[[ Source records open ]]

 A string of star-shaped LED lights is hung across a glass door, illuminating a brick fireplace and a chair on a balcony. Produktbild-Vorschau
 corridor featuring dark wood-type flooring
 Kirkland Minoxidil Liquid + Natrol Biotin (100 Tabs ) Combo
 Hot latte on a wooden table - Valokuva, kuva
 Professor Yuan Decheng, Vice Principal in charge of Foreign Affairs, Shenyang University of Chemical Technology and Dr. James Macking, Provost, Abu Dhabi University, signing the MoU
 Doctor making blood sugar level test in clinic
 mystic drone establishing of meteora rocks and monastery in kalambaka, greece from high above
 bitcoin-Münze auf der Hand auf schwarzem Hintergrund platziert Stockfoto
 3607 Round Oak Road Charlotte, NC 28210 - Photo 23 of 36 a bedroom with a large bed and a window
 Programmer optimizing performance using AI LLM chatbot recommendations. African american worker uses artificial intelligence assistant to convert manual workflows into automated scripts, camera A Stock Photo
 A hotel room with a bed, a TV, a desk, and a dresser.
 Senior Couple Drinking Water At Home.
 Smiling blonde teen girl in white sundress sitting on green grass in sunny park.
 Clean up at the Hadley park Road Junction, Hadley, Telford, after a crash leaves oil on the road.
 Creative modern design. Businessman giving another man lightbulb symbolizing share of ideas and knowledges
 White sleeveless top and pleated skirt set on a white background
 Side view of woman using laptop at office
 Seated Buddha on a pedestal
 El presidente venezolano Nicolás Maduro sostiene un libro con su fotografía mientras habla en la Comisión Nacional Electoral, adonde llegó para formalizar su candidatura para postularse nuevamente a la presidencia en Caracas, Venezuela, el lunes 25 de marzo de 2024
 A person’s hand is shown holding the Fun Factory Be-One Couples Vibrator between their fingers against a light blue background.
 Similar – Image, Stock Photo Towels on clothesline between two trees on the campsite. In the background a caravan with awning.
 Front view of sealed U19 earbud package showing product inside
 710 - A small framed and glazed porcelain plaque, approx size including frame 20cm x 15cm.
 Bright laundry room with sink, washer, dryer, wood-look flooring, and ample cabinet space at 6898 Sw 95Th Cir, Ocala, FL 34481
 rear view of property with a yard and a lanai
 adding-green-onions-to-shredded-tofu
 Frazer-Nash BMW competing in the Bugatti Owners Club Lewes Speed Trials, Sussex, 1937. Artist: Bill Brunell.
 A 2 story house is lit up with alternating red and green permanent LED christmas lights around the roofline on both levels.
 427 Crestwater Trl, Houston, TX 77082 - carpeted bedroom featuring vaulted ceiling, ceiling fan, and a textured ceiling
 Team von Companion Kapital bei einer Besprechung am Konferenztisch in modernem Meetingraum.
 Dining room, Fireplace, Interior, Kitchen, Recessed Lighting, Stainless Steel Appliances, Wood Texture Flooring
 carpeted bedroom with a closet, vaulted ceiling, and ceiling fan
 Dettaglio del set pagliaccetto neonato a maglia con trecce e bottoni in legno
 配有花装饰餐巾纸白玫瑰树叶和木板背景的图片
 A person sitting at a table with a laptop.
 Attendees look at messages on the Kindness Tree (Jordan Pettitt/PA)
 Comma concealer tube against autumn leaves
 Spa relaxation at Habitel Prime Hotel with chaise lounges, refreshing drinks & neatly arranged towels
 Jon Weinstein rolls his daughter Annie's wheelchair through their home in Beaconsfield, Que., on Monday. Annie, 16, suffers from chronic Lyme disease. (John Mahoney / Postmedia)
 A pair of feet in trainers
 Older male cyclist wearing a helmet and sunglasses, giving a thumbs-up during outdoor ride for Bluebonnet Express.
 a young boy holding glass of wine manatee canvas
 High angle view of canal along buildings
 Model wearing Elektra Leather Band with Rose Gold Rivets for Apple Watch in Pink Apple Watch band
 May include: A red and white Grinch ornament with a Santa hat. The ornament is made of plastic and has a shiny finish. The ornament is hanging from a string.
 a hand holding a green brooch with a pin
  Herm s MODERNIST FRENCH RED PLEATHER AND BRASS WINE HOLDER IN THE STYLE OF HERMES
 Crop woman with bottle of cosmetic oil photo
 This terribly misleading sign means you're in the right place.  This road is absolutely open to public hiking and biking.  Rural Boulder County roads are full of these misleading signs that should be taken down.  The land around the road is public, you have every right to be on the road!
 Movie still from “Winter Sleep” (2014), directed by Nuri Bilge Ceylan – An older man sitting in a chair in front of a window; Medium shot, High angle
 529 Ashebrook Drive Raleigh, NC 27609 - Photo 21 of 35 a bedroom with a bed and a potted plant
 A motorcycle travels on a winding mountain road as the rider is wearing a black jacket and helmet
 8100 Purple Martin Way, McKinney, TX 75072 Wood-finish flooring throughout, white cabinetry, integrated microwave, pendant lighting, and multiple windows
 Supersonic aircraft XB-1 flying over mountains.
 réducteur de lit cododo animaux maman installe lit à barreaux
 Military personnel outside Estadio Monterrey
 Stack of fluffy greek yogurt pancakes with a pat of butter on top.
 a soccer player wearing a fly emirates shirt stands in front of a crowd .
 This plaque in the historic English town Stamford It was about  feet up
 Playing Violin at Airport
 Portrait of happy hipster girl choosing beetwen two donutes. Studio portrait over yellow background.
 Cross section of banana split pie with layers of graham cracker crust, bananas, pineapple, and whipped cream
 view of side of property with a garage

[[ Source records closed ]]

§ **Task instructions**:
Tell how many lines in the entries contain the string "vaulted", and give nothing beyond the number.

§ **Reply to the task**:
2